Plaintiffs' contend that the Magistrate Judge erred in finding qualified immunity where the underlying material issues relating to intent, racial animus or motive were in dispute. In support of this contention, plaintiffs, again, point to allegedly conflicting testimony among witnesses concerning what transpired before Coonelly's report to CPS. See Objections at 21.

Whether qualified immunity bars a suit against government officials turns on a two-part test: "(1) the court must first consider whether the facts alleged, when taken in the light most favorable to the party asserting the injury, demonstrate a violation of a constitutional right, and (2) the court must then consider whether the officials' actions violated clearly established statutory or constitutional rights of which a reasonable person would have known." Jones v. Parmley, 465 F.3d 46, 55 (2d Cir. 2006) (citing Hope v. Pelzer, 536 U.S. 730, 739, 122 S.Ct. 2508, 153 L.Ed. 2d 666 (2002); Saucier v. Katz, 533 U.S. 194, 201, 121 S.Ct. 2151, 150 L.Ed. 2d 272 (2001) (internal quotation marks omitted)).

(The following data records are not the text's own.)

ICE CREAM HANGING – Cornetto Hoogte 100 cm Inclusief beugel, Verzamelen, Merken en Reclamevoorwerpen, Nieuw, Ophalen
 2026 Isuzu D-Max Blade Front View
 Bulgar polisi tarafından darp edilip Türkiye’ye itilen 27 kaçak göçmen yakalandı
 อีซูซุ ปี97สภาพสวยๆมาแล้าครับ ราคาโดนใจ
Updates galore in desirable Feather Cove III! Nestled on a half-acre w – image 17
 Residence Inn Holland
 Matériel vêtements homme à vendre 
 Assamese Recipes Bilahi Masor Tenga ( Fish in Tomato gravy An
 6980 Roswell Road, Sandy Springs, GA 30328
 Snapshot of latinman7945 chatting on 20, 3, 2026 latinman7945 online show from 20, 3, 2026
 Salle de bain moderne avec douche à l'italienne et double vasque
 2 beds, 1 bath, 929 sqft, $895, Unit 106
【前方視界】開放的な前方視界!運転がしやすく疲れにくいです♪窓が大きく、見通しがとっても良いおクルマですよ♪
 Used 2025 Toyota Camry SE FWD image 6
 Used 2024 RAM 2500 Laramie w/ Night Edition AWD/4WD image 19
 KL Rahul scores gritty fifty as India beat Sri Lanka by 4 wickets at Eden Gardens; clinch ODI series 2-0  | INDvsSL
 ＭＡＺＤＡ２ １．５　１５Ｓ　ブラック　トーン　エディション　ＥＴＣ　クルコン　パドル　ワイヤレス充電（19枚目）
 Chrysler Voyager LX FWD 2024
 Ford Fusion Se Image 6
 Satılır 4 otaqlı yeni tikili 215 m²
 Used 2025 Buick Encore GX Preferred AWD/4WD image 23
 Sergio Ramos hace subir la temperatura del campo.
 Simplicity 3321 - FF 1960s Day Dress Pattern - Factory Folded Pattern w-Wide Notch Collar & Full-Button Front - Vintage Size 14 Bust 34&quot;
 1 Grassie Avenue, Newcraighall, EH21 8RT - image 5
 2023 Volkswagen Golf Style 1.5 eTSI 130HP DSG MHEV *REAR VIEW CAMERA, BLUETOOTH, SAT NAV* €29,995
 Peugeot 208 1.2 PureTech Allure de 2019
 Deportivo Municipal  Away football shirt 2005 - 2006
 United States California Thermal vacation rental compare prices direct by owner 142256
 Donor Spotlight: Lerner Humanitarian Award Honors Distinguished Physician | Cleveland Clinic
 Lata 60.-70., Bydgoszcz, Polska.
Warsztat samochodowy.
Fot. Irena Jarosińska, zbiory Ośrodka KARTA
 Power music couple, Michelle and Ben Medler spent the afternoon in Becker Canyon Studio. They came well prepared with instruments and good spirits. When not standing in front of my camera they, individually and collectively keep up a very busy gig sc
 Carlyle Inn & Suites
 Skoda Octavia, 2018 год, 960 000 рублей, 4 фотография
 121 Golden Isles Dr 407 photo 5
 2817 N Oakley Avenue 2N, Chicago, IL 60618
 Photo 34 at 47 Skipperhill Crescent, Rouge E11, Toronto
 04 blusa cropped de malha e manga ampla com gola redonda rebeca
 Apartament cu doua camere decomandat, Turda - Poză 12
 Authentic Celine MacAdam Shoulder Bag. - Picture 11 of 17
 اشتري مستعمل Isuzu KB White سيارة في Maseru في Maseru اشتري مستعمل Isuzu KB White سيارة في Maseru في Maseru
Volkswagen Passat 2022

Here, the Court finds that it was objectively reasonable for Connelly to believe that her report to CPS did not violate plaintiffs' constitutional rights. Plaintiffs' contention that varying versions of the May 9, 2002 incident from Finkelstein, Skoller and Coonelly, Connelly's conflicting testimony that raised credibility issues, and alleged inconsistent statements by Coonelly to CPS are insufficient to establish that the School Defendants did not objectively believe Coonelly was required to report TC's behavior. In fact, when Coonelly contacted CPS and recounted the events of May 9, 2002, CPS advised that TC's conduct was a "red flag" and that Coonelly, as a mandated reporter, was required to report such conduct. See Coonelly Dep. at 132. Thus, a reasonable jury cannot find that the School Defendants did not have an objective reason to report TC's behavior to CPS or that the School Defendants would have any reason to believe that by doing so they would be violating plaintiffs' constitutional rights.

CONCLUSION

Based on the foregoing, this Court modifies the R&R to the extent that the Court finds no state action on the part of Coonelly in reporting TC's conduct to CPS. The Court otherwise adopts Judge Wall's remaining findings and petitioner's objections are overruled. Defendants' motion for summary judgment is granted and this matter is dismissed without costs to either party. In addition, due to the sensitive and personal nature of the underlying facts, the Clerk of the Court is directed to amend the caption to use only the Plaintiffs' initials. Furthermore, the Clerk of the Court is directed to seal the file maintained on this matter, with the exception of this Memorandum and Order.